## What you should do
Transcribe, word for word, all of the entries below, and exclude any pictures from the copy.

Stored items from a collection:
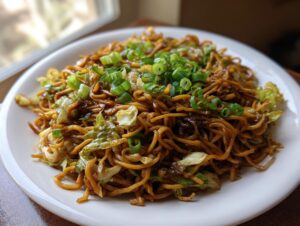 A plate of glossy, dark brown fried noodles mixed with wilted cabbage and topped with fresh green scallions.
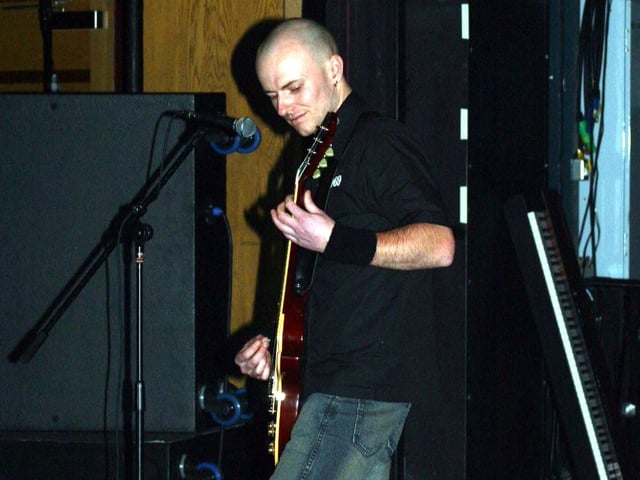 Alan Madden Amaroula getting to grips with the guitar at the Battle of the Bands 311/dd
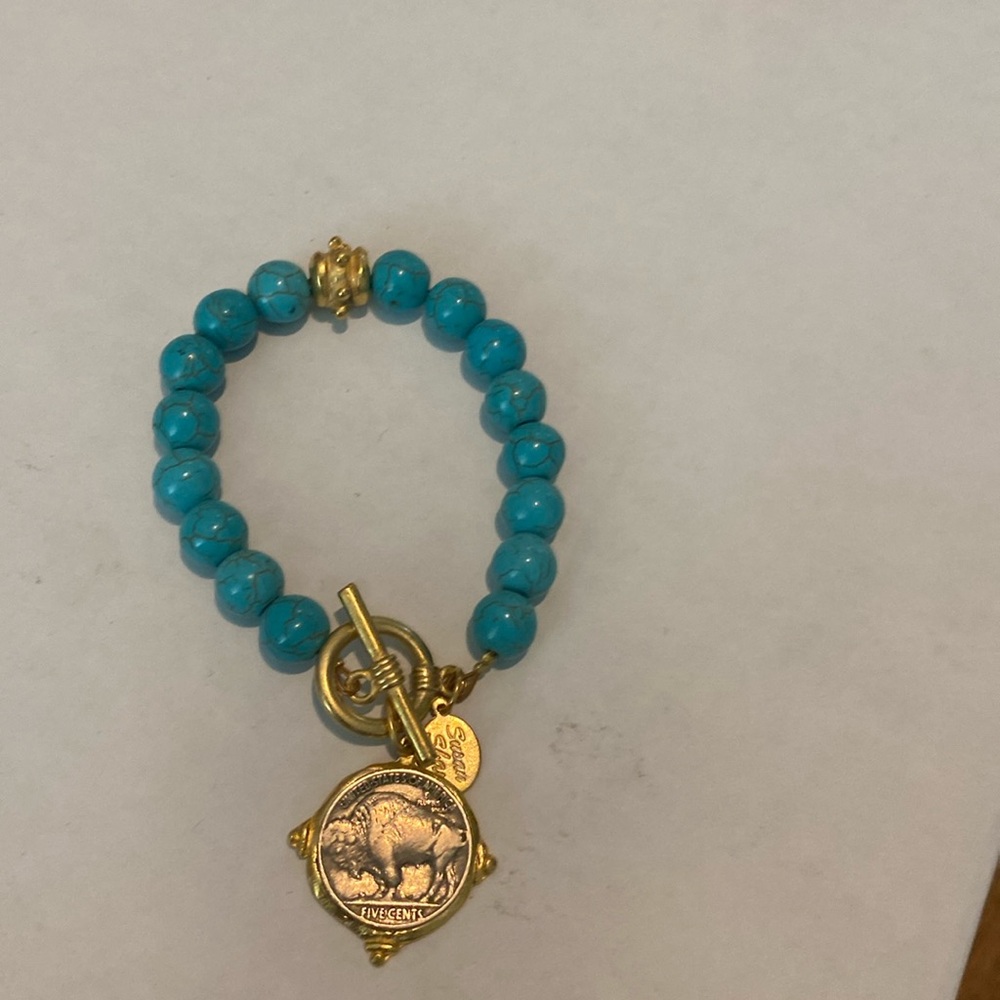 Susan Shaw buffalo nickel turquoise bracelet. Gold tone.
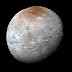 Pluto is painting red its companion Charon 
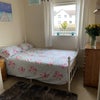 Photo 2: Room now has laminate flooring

## Solution
 A plate of glossy, dark brown fried noodles mixed with wilted cabbage and topped with fresh green scallions.
 Alan Madden Amaroula getting to grips with the guitar at the Battle of the Bands 311/dd
 Susan Shaw buffalo nickel turquoise bracelet. Gold tone.
 Pluto is painting red its companion Charon 
 Photo 2: Room now has laminate flooring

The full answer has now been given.